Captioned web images
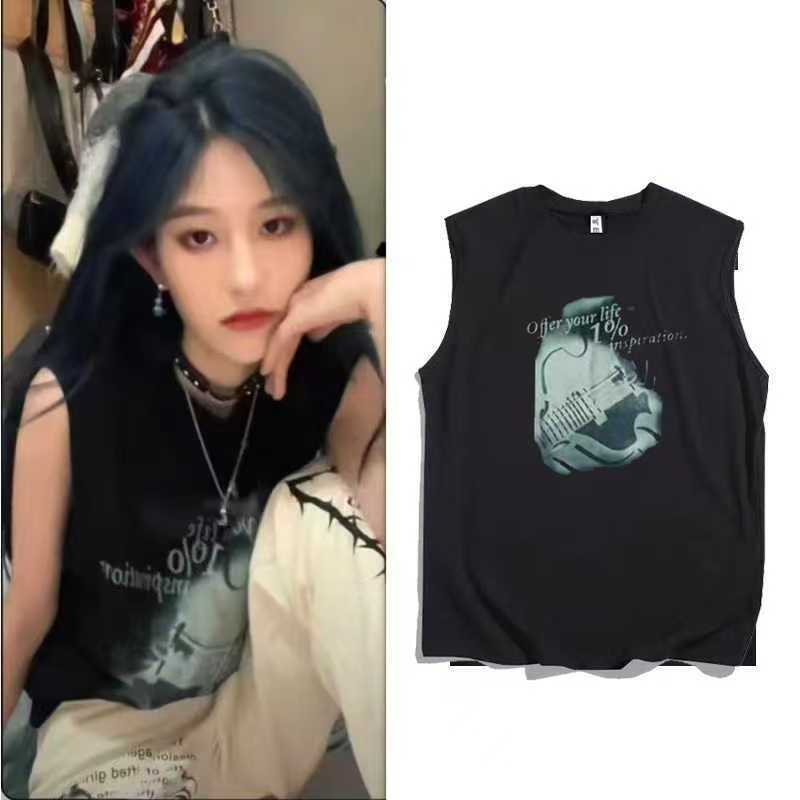 Cotton Nguyên Chất snh48 Wang Yi Cùng Phong Cách Quần Áo 2025 Không Tay Top Nữ In Áo Vest Retro ins 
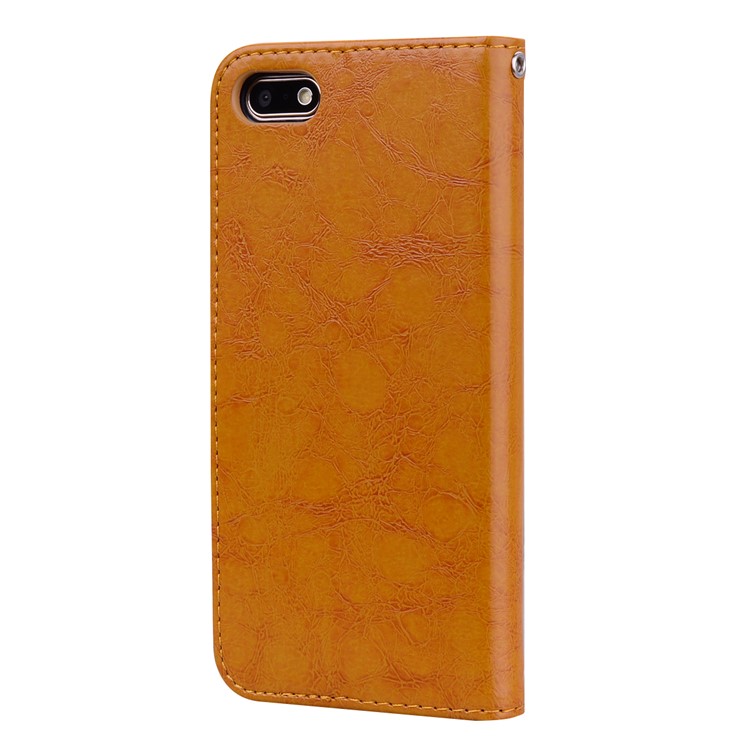 HAT PRINCE Oil Wax PU Leather Wallet Phone Case for Huawei Y5 (2018) / Y5 Prime (2018) / Honor 7s / Play 7 - Brown-3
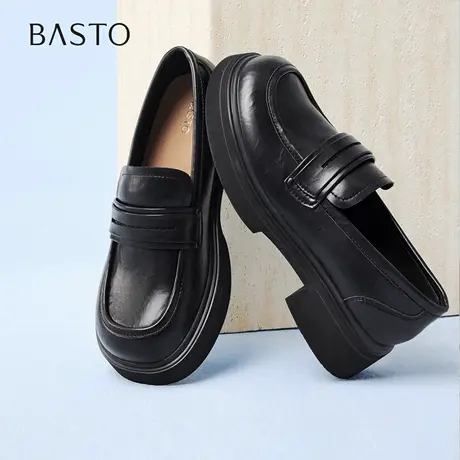 百思图2026春季商场新款英伦黑色乐福鞋小皮鞋女粗跟单鞋W2055AA6图片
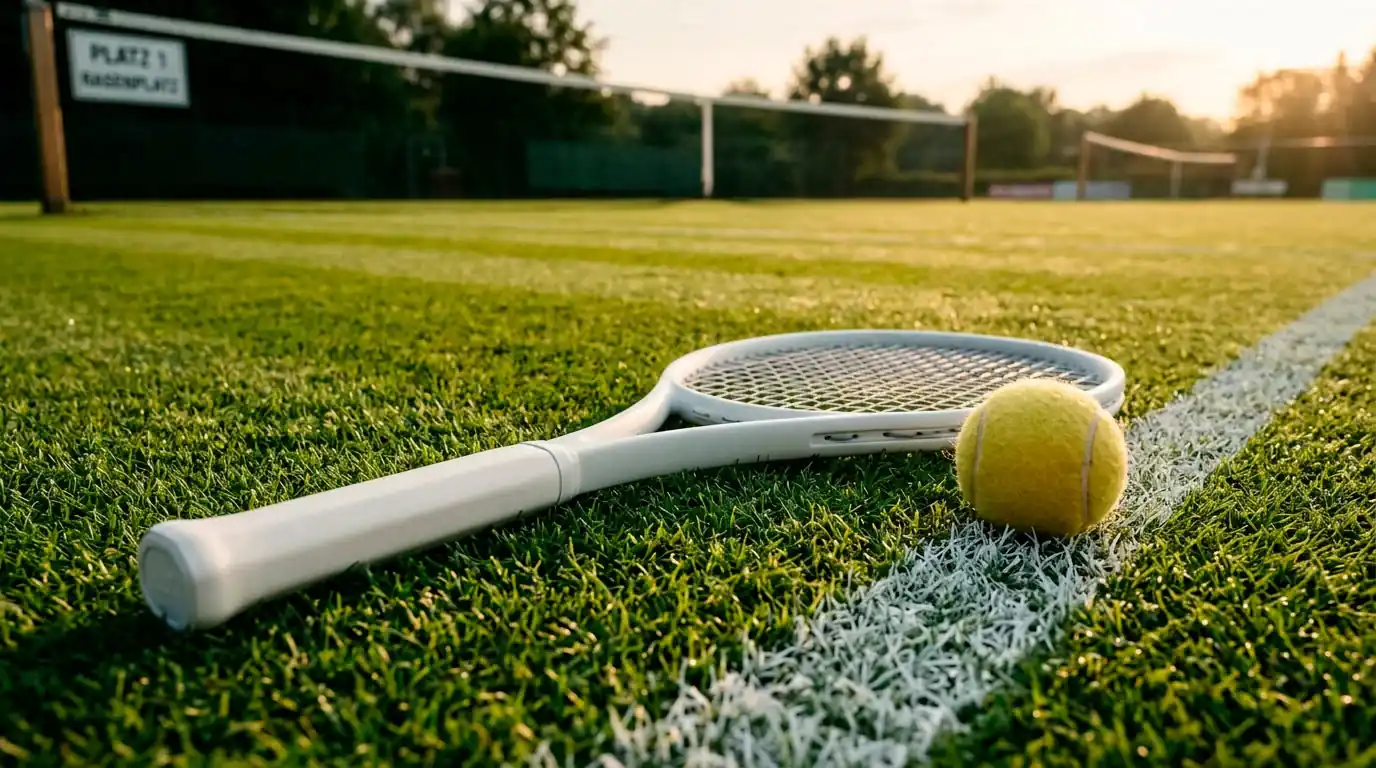 Tennisball und weiße Linie auf gepflegtem Wimbledon-Rasen — Symbol für Aufschlag-Statistik auf Rasen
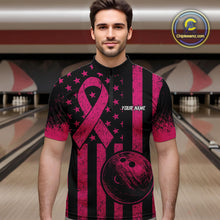 Load image into Gallery viewer, Black and Pink ribbon American Flag Bowling Shirts For Men Custom Breast Cancer team bowling shirts NQS9843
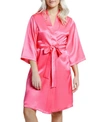 Icollection Plus Size Marina Lux Satin Robe Lingerie In Fuchsia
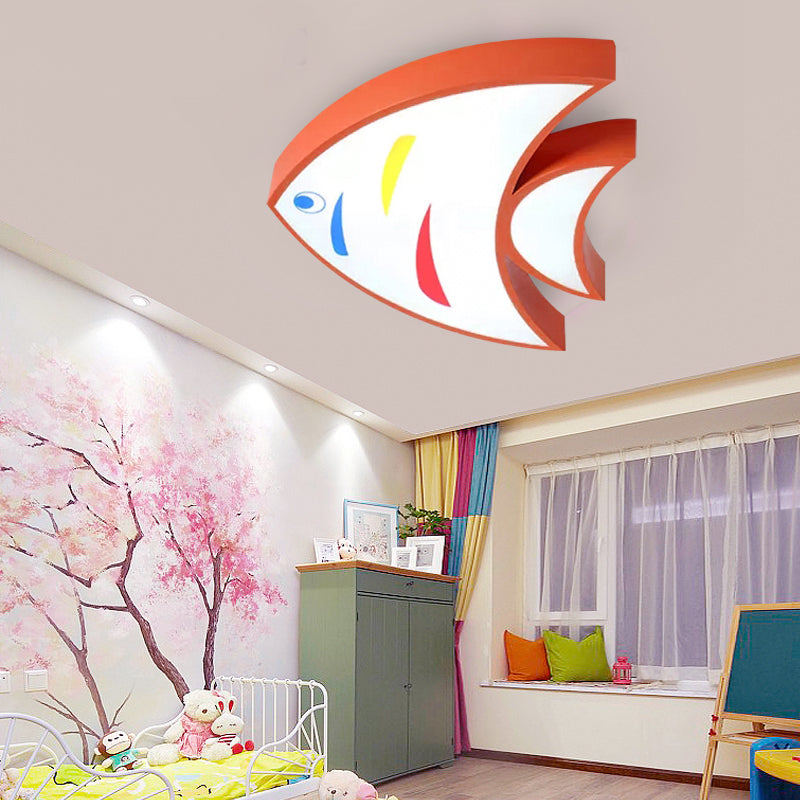 Lovely Bright-Colored Pendant Light Fish Shaped Acrylic Hanging Light for Kindergarten Hallway Clearhalo 'Ceiling Lights' 'Close To Ceiling Lights' 'Close to ceiling' 'Flush mount' Lighting' 177075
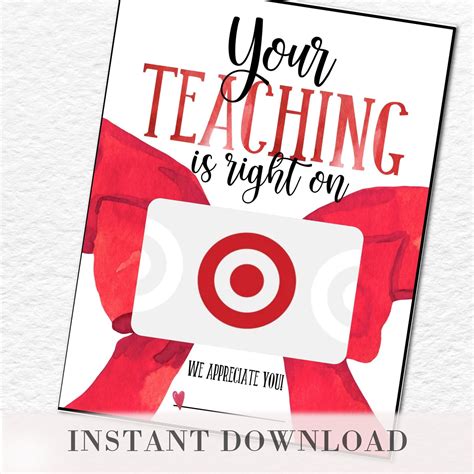 Teacher Appreciation Target Printable
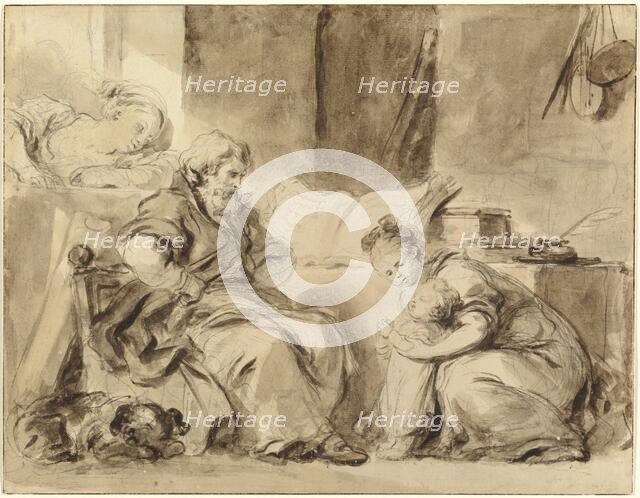 A Prayer for Grandpapa, late 1770s. Creator: Jean-Honore Fragonard.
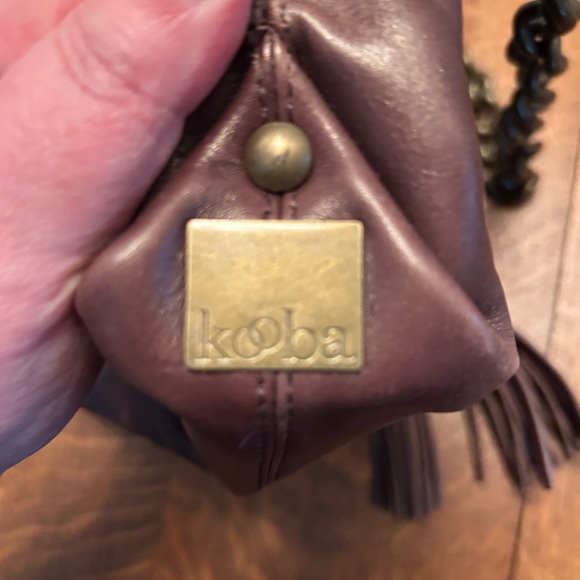 Kooba Brown Leather Clutch with Braided Tassels and Detach. Chain Handle - Picture 3 of 8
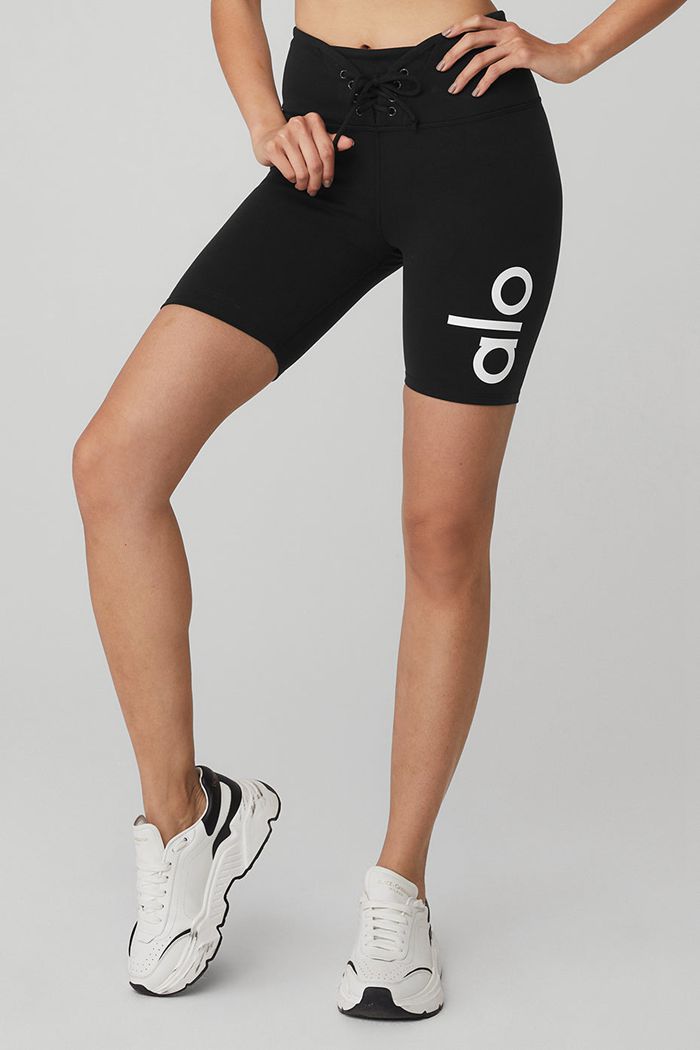 Short Alo Yoga Yogi Encaje Up Mujer Negros Blancos | 065389WHQ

THE PROBLEM:
Write out the records shown above exactly, but do not include any images.

TASK SOLUTION:
 Cotton Nguyên Chất snh48 Wang Yi Cùng Phong Cách Quần Áo 2025 Không Tay Top Nữ In Áo Vest Retro ins 
 HAT PRINCE Oil Wax PU Leather Wallet Phone Case for Huawei Y5 (2018) / Y5 Prime (2018) / Honor 7s / Play 7 - Brown-3
 百思图2026春季商场新款英伦黑色乐福鞋小皮鞋女粗跟单鞋W2055AA6图片
 Tennisball und weiße Linie auf gepflegtem Wimbledon-Rasen — Symbol für Aufschlag-Statistik auf Rasen
 Load image into Gallery viewer, Black and Pink ribbon American Flag Bowling Shirts For Men Custom Breast Cancer team bowling shirts NQS9843
 Icollection Plus Size Marina Lux Satin Robe Lingerie In Fuchsia
 Lovely Bright-Colored Pendant Light Fish Shaped Acrylic Hanging Light for Kindergarten Hallway Clearhalo 'Ceiling Lights' 'Close To Ceiling Lights' 'Close to ceiling' 'Flush mount' Lighting' 177075
 Teacher Appreciation Target Printable
 A Prayer for Grandpapa, late 1770s. Creator: Jean-Honore Fragonard.
 Kooba Brown Leather Clutch with Braided Tassels and Detach. Chain Handle - Picture 3 of 8
 Short Alo Yoga Yogi Encaje Up Mujer Negros Blancos | 065389WHQ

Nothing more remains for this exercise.